Ce décalage de temporalité et cette incertitude fondamentale, contribuent aux turbulences que connaissent les diplômes et tout dispositif érigeant des normes de l’activité humaine à des fins de gestion, et contribuent également aux incompréhensions souvent constatées entre les services opérationnels des entreprises qui sont dans l’action concrète de mobilisation des compétences, et les services fonctionnels de gestion des ressources humaines, qui sont dans une approche systématique et règlementaire de la gestion des compétences.

De fait, dans les entreprises, les arbres de connaissances ont été adoptés plutôt par des services informatiques, voire de formation, qui connaissent des évolutions fortes dans leurs compétences techniques et organisationnelles et dans leurs missions, et sont réceptifs au pragmatisme de la démarche proposée par les arbres de connaissances, comme à l’originalité du logiciel gingo.

Ainsi ce projet des arbres de connaissances, qui s’est donné au départ une allure messianique, est inscrit, aux yeux même des acteurs qui s’en sont emparés, dans un ensemble de courants de réflexions et de pratiques déjà fortement développés, dans les ruptures initiées autour de la domination de certaine formes de savoir.

Pour ces acteurs, dans les expériences qu’ils estiment réussies, intéressantes et à poursuivre, les arbres ne sont du reste qu’un moyen, un instrument particulièrement intéressant, souple et efficace, de mise en oeuvre de pratiques déjà éprouvées en matière d’identification, de construction, de validation et d’échange de savoirs.

 

     

    Une des difficultés que rencontrent les arbres de connaissances est sans doute liée à la complexité de cet objet, qui est bien une nouvelle technologie, mais aussi une démarche, et qui suppose, pour que soit utilisée toute la richesse de ses potentialités, des conditions d’utilisation exigeantes.

    Les auteurs ont largement évolué, avec l'expérience, sur la démarche d’identification des compétences.

    En effet, la diversité des mises en oeuvre par des acteurs eux-mêmes divers, a conduit progressivement les auteurs à considérer que gingo pouvait être utilisé en des démarches diverses d’identification des compétences, l’essentiel étant que les utilisateurs soient au clair sur leur projet et l’instrumentation adéquate.

    Cette évolution est révélatrice d’une autonomisation de l’outil, qui devient susceptible d’usages divers, éventuellement très éloignés du projet initial dont nous avons esquissé la configuration. Il n’en reste pas moins que la démarche initialement proposée par les auteurs des arbres de connaissances, a pu être mise en avant par les auteurs avec un relatif succès dans la diffusion, parce qu’elle était soutenue par un outil de gestion de l’information et de communication en congruence avec cette démarche.

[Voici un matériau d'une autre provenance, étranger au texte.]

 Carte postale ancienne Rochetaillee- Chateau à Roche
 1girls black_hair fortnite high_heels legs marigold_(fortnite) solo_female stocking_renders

    De fait, en ce qui concerne les premières expérimentations, les entreprises, tout comme les structures d’insertion et de formation n’ont généralement pas tenté de s’appuyer sur des référentiels existants pour constituer la base de brevets. Elles ont plutôt opté pour l’approche préconisée par les auteurs, marquée par trois grandes phases :

    - en amont, définition collective de l’objectif poursuivi par l’usage d’un arbre de connaissances, d’une charte d’usage et de règles de construction et attribution des brevets ;

    - en phase de construction, première constitution d’une base de brevets à partir de la libre expression d’un groupe initial de personnes et émergence de l’arbre avec les blasons des premières personnes impliquées ;

    - en phase de développement, ouverture à d’autres personnes qui construisent leur blason et peuvent déposer de nouveaux brevets si ceux existants ne suffisent pas...

    Cette démarche de libre expression a alimenté la polémique dans la mesure où les auteurs ont prétendu substituer à l’analyse méthodique et rigoureuse des experts la parole des personnes concernées sur leurs propres compétences ; la question était donc posée par les analystes du travail et de l'emploi, quant à la capacité des personnes à dire leurs compétences...

    La première exploration des sites, que nous avons conduite en 1996, nous a permis de retirer quelques précisions concrètes relativement à la nature des informations ainsi recueillies dans les démarches de libre expression, et qui constituent les brevets attribués aux personnes, la manière dont elles sont construites et en quelque sorte "travaillées", et enfin le statut qui leur est conféré du fait de l'ouverture constante de la base de brevets à des modifications et enrichissements.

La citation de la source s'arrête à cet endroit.